Winter is just around the corner, and for homeowners dropping temperatures can often mean higher heating costs. What’s worse, failure to prepare for wetter months can leave you stuck with costly repairs just in time for the holiday season. Don’t leave your home out in the cold by following these quick and inexpensive tips for getting your digs winter ready.

  1. Reverse ceiling fans.

We’re all familiar with the concept of hot air rising, but did you know your ceiling fan was equipped with a switch to reverse the direction it rotates? Stop heating space you don’t used by setting your fan to spin in a clockwise direction. When the switch is flipped, the spinning blades create an updraft to push all that unused hot air downward. Saving money on heating costs can be as easy as the flip of a switch, especially in homes with higher ceilings.

  1. Install a door sweep.

Stop chilly drafts from creeping in under exterior doors by installing a door sweep. At around $5-$30, door sweeps are flexible pieces of plastic that attach to the bottom edge of any door to plug any air leaks between door and the frame.

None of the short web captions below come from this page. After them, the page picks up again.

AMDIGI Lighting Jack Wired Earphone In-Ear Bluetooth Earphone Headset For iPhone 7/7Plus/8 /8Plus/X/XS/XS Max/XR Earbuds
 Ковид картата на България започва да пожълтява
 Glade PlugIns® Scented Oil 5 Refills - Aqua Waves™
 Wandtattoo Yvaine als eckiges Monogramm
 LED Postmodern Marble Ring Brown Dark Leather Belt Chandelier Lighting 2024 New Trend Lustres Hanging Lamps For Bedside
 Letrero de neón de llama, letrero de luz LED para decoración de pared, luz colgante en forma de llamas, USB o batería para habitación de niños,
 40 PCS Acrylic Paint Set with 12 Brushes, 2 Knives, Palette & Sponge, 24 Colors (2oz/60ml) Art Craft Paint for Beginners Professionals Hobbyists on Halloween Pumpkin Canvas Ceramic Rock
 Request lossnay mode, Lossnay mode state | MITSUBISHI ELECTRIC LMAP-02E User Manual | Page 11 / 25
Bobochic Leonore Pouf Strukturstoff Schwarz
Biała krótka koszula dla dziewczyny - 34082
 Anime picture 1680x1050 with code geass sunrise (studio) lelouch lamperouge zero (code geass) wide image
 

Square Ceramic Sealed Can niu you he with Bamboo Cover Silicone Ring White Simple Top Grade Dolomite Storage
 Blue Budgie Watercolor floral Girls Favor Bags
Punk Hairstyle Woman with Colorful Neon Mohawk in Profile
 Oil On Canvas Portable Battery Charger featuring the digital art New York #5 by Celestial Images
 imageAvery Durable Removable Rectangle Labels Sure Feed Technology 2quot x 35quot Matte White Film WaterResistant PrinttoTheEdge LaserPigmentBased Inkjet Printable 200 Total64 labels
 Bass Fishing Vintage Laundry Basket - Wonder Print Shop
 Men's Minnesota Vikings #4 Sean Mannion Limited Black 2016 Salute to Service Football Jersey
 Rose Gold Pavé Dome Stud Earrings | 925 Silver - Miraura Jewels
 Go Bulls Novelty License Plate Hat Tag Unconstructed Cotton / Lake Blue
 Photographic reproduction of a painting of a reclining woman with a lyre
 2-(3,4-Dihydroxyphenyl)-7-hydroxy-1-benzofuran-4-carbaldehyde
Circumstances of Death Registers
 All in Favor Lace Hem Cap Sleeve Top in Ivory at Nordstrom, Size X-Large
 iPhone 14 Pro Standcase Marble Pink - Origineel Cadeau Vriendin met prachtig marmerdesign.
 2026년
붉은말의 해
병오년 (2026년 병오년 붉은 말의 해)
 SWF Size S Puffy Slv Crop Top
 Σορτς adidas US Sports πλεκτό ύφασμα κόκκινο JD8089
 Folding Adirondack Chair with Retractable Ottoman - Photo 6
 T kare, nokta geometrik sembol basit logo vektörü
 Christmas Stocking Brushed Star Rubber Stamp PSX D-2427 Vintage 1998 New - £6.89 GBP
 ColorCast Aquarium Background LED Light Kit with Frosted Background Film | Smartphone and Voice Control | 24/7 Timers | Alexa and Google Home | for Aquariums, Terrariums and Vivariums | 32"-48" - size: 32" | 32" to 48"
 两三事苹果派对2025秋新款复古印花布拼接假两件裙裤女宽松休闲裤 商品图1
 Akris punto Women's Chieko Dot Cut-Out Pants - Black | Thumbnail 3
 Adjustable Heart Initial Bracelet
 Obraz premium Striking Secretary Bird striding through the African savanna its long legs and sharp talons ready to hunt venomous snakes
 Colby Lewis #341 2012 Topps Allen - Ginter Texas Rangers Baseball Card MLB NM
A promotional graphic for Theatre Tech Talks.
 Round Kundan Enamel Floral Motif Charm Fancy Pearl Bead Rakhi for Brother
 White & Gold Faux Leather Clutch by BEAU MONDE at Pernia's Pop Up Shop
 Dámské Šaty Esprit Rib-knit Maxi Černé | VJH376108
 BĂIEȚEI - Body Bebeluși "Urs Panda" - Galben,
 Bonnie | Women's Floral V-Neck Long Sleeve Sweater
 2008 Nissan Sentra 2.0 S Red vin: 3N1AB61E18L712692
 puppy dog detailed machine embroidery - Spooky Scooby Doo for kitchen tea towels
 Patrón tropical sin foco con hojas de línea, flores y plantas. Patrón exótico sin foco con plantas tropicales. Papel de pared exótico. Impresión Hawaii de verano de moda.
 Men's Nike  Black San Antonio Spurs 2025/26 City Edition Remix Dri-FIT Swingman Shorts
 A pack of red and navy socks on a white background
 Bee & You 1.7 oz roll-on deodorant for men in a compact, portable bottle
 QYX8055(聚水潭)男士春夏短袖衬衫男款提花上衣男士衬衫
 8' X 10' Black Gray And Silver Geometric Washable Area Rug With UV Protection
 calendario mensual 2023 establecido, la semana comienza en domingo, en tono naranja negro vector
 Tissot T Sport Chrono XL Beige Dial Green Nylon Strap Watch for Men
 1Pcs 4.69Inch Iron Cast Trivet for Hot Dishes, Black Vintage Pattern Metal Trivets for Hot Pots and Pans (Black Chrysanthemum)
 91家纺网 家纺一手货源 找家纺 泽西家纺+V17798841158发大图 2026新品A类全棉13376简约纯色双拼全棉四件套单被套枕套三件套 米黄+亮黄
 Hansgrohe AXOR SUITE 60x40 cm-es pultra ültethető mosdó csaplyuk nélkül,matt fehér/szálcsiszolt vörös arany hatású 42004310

  1. Caulk around windows and doors.

Speaking of unwelcome air finding its way in, any gap larger than the width of the nickel is cause for concern and should be filled in with caulk. Inspect siding, window and door frames, as well as window/door joints for problem areas, and be sure to use silicone caulk for exterior leaks, as it doesn’t shrink and warp in harsh elements.

  1. Close the damper.

Nothing warms up a winter night quite like a fire crackling in the fireplace, but one the flame is extinguished, hot and cold air can flow freely through the chimney opening. Get in the habit of closing the flue after every fire to keep cold air out and hot air in.

  1. Set the thermostat and leave it.

Constantly adjusting the thermostat can wreak havoc on a heating bill. Consider setting one daytime temperature and one night time temperature in your home, and otherwise leaving the thermostat alone. A cozy pair of socks can go a long way if you’re feeling chilly, and your wallet won’t take a hit for constantly changing temps.

  1. Service your furnace.

Depending on the age of your unit, you should be treating your furnace to a professional service every one to two years. Between visits, up your furnace’s efficiency by replacing filters every one to three months. Filters only range from $1-$25 each, so if you can no longer see through the old one when held to the light, it’s time to replace!

  1. Clean the gutters.

Prepare for heavy precipitation by clearing gutters of leaves and other debris. Without clear gutters, water can get backed up against the house and cause significant damage to roofing, wood and siding. Considering getting your hands dirty to cut costs, or hire a professional service for $70-$200, depending on the size of your home.

  1. Lower the hot water temperature.

Lowering your water heater’s temperature just 20 degrees from the typical 140 degrees to 120 —  can lead to energy savings, while still leaving plenty of hot water to go around. Wrapping a blanket or another form of DIY isolation around the heater tank can also help with efficiently heating your water supply.